Updated: 15-Apr-2025.
This blog post explores the four key metrics supported by Prometheus, highlighting their use cases and the PromQL functions you can use to query them.
In Prometheus, metrics represent one or more time series, each consisting of a metric name, a set of labels, and a series of data points (with timestamps and values). Time series data is essentially a collection of data points indexed by time, which is crucial for monitoring system performance.
At its core, a metric is a quantifiable measure used to track and assess the status of a specific process or activity. Prometheus, as an open-source monitoring solution, offers a powerful data model for storing and querying this metric data.
Metrics Structure in Prometheus:
Before jumping into metric types, it's important to understand how Prometheus handles metric data.
The Prometheus data model is designed to efficiently store time-series data, with each data point containing sample observations from your systems.
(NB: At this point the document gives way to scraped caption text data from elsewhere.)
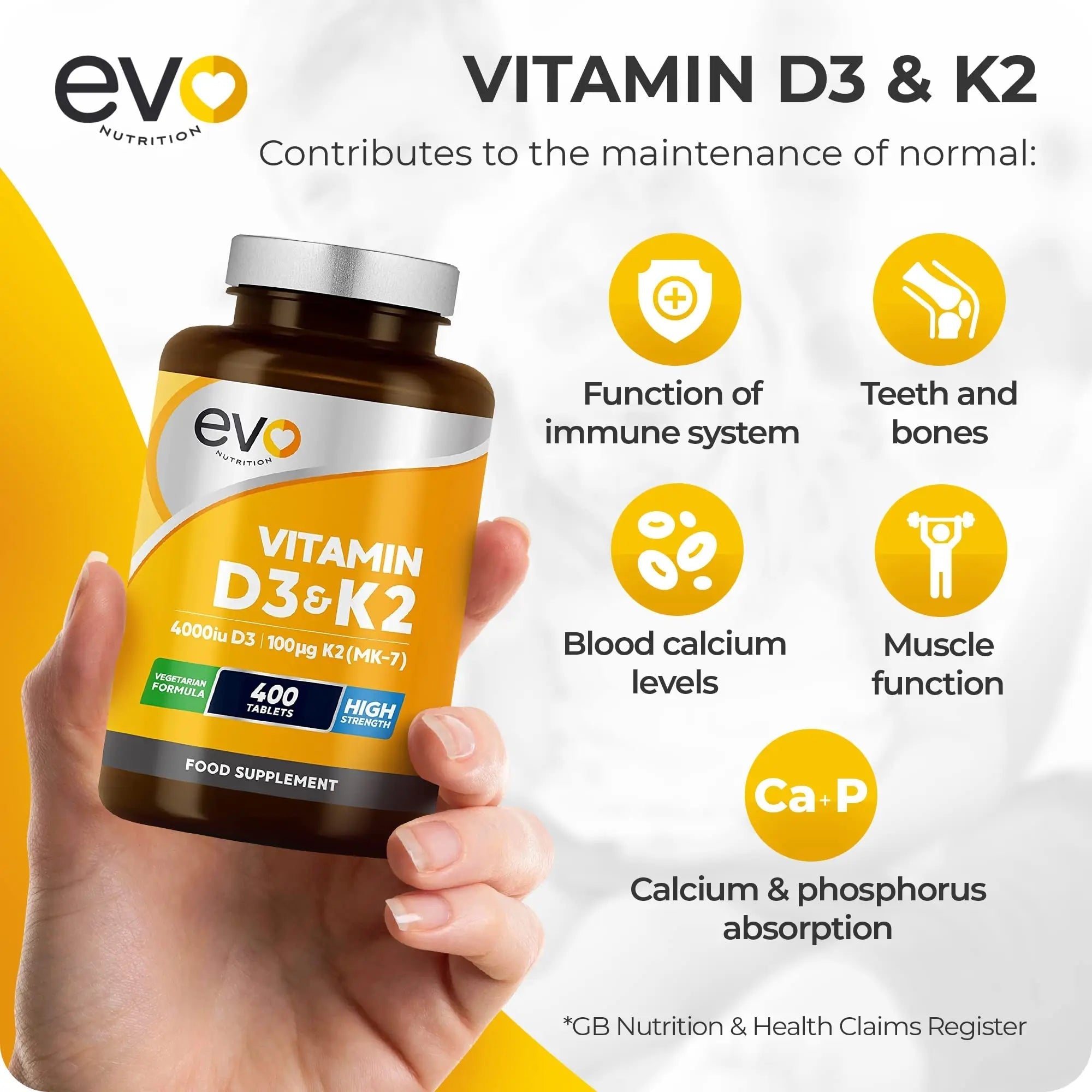 Vitamin D3 4000iu & Vitamin K2 100ug MK7 | 400 Vegetarian Tablets - 1 Year Supply - TrustMedUSA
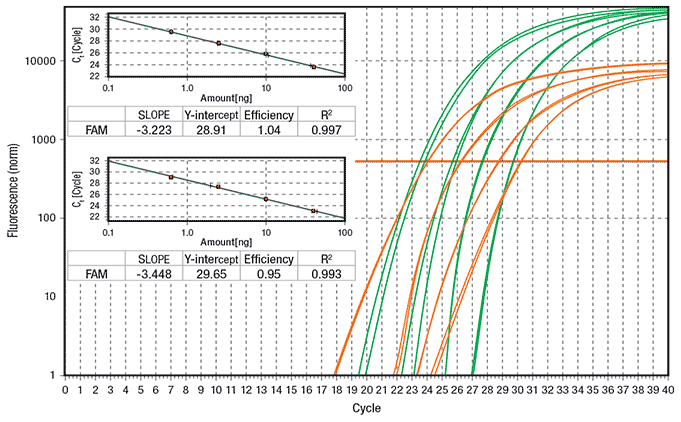 Duplex qPCR reactions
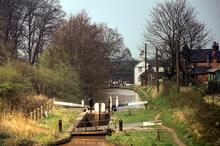 Coventry Canal. Atherstone Locks 4 and 5. April 1973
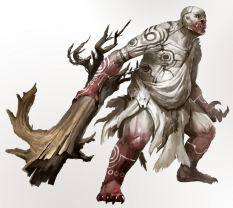 Concept art of giant concept for Guild Wars 2 by Kekai Kotaki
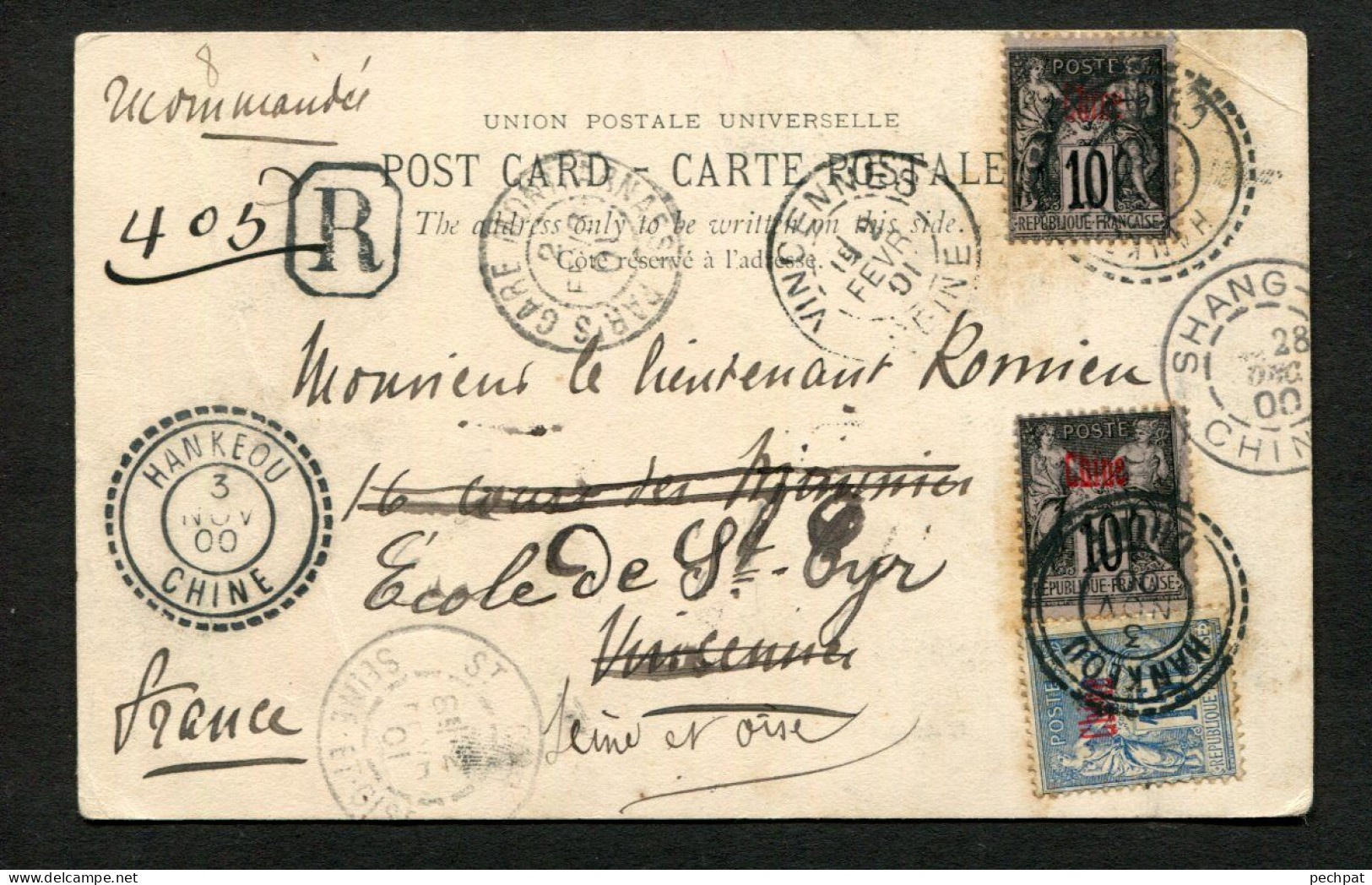 Asie Recommandé 1900 Hankéou Chine Via Shang Hai Sur CPA Pour La France Voir état - Covers & Documents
The structure of a metric typically includes the following key components:
- Metric Name: An explicit identifier for the metric, often reflecting what it measures. For example,
http_requests_total
. - Labels: Key-value pairs that provide additional dimensions to the metric, enabling more detailed and specific tracking. An example label for
http_requests_total
could be{method="GET", endpoint="/api"}
. - Metric Value: The actual data point representing the measurement, which could be a count, a duration, etc.
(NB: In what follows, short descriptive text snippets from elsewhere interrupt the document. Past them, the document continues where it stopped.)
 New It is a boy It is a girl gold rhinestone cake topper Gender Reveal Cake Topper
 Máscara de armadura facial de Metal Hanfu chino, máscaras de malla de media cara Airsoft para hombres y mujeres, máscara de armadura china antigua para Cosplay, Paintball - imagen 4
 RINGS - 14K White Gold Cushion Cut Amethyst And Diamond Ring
- Timestamp: The point in time when the metric value was recorded (often added automatically by the monitoring system)
Consider a metric named user_logins_total
—
This metric could have labels like {user_type="admin", location="EU"}
and a numerical value indicating the total count of logins. The timestamp would denote when this count was recorded.
Types of Prometheus Metrics
Prometheus, through its various client libraries including Python, Go, and Java clients, primarily deals with four types of metrics:
- Counter: A metric that only increases or resets to zero on restart. Ideal for tracking the number of requests, tasks completed, or errors.
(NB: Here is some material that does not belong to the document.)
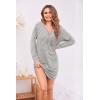 image:imageEkouaer Womens Nightshirt Long Sleeve Button Down Nightgown VNeck Sleepwear Casual Pajama DressLight Grey Striped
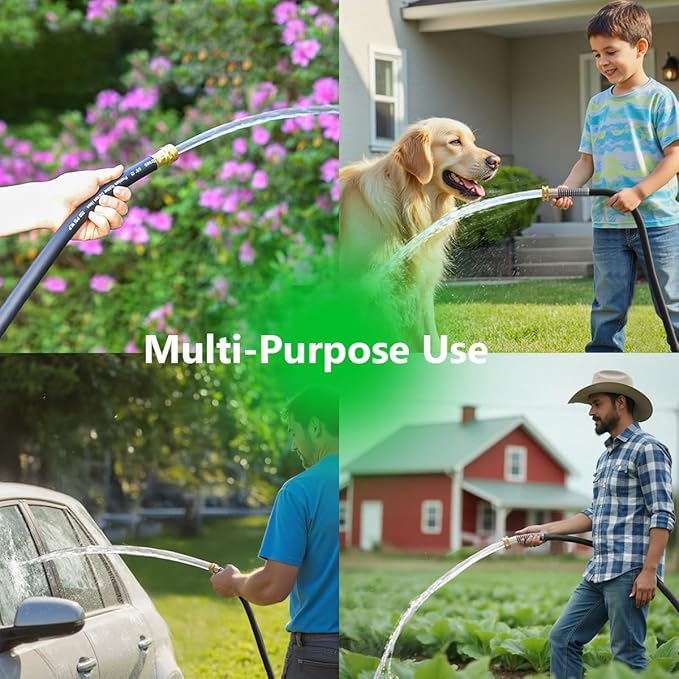 200FT 5/8 Heavy Duty Rubber Garden Hose - 200psi Working, 1000psi Burst - Hot/Cold Water - Five-Layered Braiding for Durability - Versatile for Gardening, Agriculture, Construction(Black)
- Gauge: This represents a value that can go up or down, like temperature or current memory usage.
- Histogram: Measures the distribution of events over time, such as request latencies or response sizes.
- Summary: Similar to histograms but provides a total count and sum of observed values.
Lets dive deeper into each Prometheus metrics types.
Counters
A counter metric is a cumulative metric used primarily for tracking quantities that increase over time. Said simply, a counter... counts!
What are Counters Used For?
Counters are ideal for monitoring the rate of events, like:
- Total number of HTTP requests to a web server
- Task completions
- Error occurrences
A counter is designed to only increase, which means its value should never decrease (except when reset to zero, usually due to a restart or reset of the process generating it).
Visualizing and Alerting with Counters
Counters are often visualized in dashboards to show trends over time, like the rate of requests to a web service. They can trigger alerts if the rate of errors or specific events exceeds a threshold, indicating potential issues in the monitored system.
Example: node_network_receive_bytes_total
in Node Exporter is a counter that tracks the total number of bytes received on a network interface.
Working with Counters in PromQL
Several PromQL functions are commonly used with counters:
- rate(): Calculates a metric's per-second average rate of increase over a given time interval
- increase(): Calculates the cumulative increase of a metric over a given time range
- reset(): Identifies the number of times a counter has been reset during a given period
Counter Reset Behavior
There are scenarios where a counter can reset. The most common reason is when the process generating the metric restarts due to a service restart, deployment, or system reboot. When this happens, the counter starts from zero again.
💡 An upcoming feature in Prometheus adds created timestamp
metrics to solve the long-standing issues with counter-resets. See the talk from Promcon 2023.
This reset behavior is crucial for understanding how to interpret counter data. Functions like rate()
or increase()
in PromQL are designed to account for counter resets by detecting when the counter value decreases between scrape intervals.
Counter Implementation Example
// Go example
requestCounter := prometheus.NewCounter(prometheus.CounterOpts{
Name: "http_requests_total",
Help: "Total number of HTTP requests",
})
prometheus.MustRegister(requestCounter)
// Increment the counter
requestCounter.Inc()
Gauges
Gauges represent a metric that can increase or decrease, akin to a thermometer. They give a snapshot of a system's state at a specific point in time.
What are Gauges Used For?
Gauges are versatile and can measure values like:
- Memory usage
- Temperature
- Queue sizes
- CPU utilization
- Current connections
Working with Gauges
Gauges are straightforward in terms of updating their value. They can be:
- Set to a particular value at any given time
- Incremented
- Decremented
This flexibility makes them ideal for tracking metrics that fluctuate up and down.
Visualizing Gauges
Gauges are often visualized using line graphs in dashboards to depict their value changes over time. They are useful for observing the current state and trends of what's being measured rather than the rate of change.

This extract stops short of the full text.